Note that among \(18\) consecutive three digit numbers, there is an integer divisible by \(18\). Denote it by \(n = 100a + 10b + c\) with \(a, b, c\) denoting integers lying between \(0\) and \(9\). It follows that \(9\) divides \(n\), and hence \(9\) divides \(a + b + c\). This shows that \(a+b+c\) is equal to one of \(9, 18, 27\). Note that \(a + b + c = 27\) holds only if \(n = 999\). Since \(18\) divides \(n\), it follows that \(a + b + c \neq 27\), and hence, \(a + b + c\) is equal to one of \(9, 18\). This proves that \(a + b + c\) divides \(n\).

Note that \(p_1p_2 \dots p_n + 1\) is odd for any \(n\geq 1\), and hence \(p_n\) is odd for any \(n\geq 2\). Since \(p_1 = 2\) and \(p_2 = 3\), it follows that for any \(n\geq 2\), the integer \(p_1p_2 \dots p_n + 1\) is not divisible by any one of \(2\) and \(3\). So the least prime divisor of \(p_1p_2 \dots p_n + 1\) is at least \(5\) for any \(n\geq 2\). If possible, suppose \(5\) is the largest prime divisor of \(p_1p_2 \dots p_n + 1\) for some integer \(n\geq 2\). This yields \[ p_1p_2 \dots p_n + 1 = 5^k \] for some \(k\geq 1\). This implies that \(4\) divides \(p_1p_2 \cdots p_n\), which is impossible since \(p_1 = 2\), and \(p_r\) is odd for any integer \(r \geq 2\). This shows that \(p_{n+1}\) is not equal to \(5\) for any integer \(n\geq 2\). Consequently, it follows that \(p_n\neq 5\) for any integer \(n\geq 1\).

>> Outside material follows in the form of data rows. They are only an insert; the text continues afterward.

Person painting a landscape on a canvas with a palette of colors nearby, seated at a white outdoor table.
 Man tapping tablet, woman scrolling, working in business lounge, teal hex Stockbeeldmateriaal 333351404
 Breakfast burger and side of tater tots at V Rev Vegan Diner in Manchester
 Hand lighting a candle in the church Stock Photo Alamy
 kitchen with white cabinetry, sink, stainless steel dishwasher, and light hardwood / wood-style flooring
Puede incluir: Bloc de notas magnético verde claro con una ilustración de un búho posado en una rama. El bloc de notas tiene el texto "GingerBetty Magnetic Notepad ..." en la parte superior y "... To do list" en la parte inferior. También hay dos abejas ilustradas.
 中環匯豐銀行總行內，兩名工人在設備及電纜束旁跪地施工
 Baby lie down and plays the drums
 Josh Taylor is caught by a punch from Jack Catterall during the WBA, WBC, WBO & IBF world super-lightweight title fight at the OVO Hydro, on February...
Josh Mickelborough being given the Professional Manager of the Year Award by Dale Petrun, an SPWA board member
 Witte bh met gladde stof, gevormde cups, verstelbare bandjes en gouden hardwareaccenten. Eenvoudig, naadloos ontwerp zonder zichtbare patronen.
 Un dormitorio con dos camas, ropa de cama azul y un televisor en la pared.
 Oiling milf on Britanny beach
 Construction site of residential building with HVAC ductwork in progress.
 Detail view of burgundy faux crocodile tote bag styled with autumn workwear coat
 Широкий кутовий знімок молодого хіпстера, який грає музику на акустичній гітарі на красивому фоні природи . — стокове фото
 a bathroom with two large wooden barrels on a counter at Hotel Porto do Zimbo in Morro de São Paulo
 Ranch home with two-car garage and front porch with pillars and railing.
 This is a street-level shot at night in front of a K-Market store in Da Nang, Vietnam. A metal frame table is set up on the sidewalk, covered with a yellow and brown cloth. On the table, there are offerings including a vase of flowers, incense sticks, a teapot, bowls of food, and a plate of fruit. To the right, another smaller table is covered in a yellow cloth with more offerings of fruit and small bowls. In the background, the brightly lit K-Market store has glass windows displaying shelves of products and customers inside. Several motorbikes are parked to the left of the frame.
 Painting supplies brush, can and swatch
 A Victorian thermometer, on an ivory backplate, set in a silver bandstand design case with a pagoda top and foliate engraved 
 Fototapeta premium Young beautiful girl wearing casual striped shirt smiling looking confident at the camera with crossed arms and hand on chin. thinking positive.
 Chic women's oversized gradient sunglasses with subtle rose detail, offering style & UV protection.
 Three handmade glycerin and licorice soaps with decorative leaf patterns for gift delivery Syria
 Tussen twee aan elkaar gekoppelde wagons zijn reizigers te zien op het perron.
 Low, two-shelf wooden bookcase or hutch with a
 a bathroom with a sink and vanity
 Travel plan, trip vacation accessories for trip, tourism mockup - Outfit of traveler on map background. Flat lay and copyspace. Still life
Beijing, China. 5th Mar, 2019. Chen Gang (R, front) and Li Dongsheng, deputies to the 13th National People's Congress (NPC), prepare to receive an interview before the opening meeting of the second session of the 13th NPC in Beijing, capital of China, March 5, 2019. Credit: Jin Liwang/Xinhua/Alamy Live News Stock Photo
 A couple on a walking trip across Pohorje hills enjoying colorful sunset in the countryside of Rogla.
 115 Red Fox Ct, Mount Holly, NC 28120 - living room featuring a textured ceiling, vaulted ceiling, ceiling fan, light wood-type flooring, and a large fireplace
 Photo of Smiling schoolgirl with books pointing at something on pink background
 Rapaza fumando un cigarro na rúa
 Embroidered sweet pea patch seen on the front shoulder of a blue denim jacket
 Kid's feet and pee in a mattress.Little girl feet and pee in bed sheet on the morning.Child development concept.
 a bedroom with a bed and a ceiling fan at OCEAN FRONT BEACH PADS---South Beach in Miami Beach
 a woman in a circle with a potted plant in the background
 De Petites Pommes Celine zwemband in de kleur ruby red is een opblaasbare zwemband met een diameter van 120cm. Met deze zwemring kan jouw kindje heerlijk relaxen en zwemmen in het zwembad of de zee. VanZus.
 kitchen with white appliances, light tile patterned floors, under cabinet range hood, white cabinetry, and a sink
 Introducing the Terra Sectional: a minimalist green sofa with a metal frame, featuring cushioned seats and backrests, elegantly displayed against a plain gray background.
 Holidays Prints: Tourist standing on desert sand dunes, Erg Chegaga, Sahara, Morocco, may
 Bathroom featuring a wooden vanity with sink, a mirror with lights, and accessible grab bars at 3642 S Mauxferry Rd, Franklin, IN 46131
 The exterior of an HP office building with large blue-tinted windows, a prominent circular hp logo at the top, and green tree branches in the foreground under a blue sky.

Let \(x, y\) be integers such that \(17\) divides both the expressions \(x^2 - 2xy + y^2 - 5x + 7y\) and \(x^2 - 3xy + 2y^2 + x - y\). Note that \[ x^2 - 3xy + 2y^2 + x - y = (x-y)( x-2y+1), \] which is divisible by \(17\). It follows that \[ x \equiv y \bmod 17, \quad \text{ or } x \equiv 2y -1 \bmod 17 \] holds. Let us consider the case that \(x \equiv y \bmod 17\). It follows that \[ x^2 - 2xy + y^2 - 5x + 7y \equiv (x-y)^2 - 5x+ 7y \equiv 2y \bmod 17. \] Since \(17\) divides \(x^2 - 2xy + y^2 - 5x + 7y\), we get \(2y \equiv 0 \bmod 17\), which yields \(x\equiv y \equiv 0 \bmod 17\), and hence \(17\) divides \(xy - 12x + 15y\). Let us consider the case that \(x \equiv 2y -1 \bmod 17\). Using \(x^2 - 2xy + y^2 - 5x + 7y\equiv 0 \bmod 17\), we obtain \[ (2y -1 )^2 - 2(2y -1 )y + y^2 - 5(2y-1) + 7y\equiv 0 \bmod 17, \] which yields \(y^2-5y + 6 \equiv 0 \bmod 7\). This implies that \((y-2)(y-3)\equiv 0 \bmod 17\). This shows that either \(x\equiv 3\bmod 17, y \equiv 2 \bmod 17\) holds, or \(x \equiv 5 \bmod 17, y \equiv 3 \bmod 17\) holds. If \(x\equiv 3\bmod 17, y \equiv 2 \bmod 17\) holds, then \[ xy - 12x + 15y \equiv 6 - 36 + 30 \equiv 0 \bmod 17 \] holds. If \(x \equiv 5 \bmod 17, y \equiv 3 \bmod 17\) holds, then we obtain \[ xy - 12x + 15y \equiv 15 - 60 + 45 \equiv 0 \bmod 17. \] This proves that \(17\) divides \(xy - 12x + 15y\).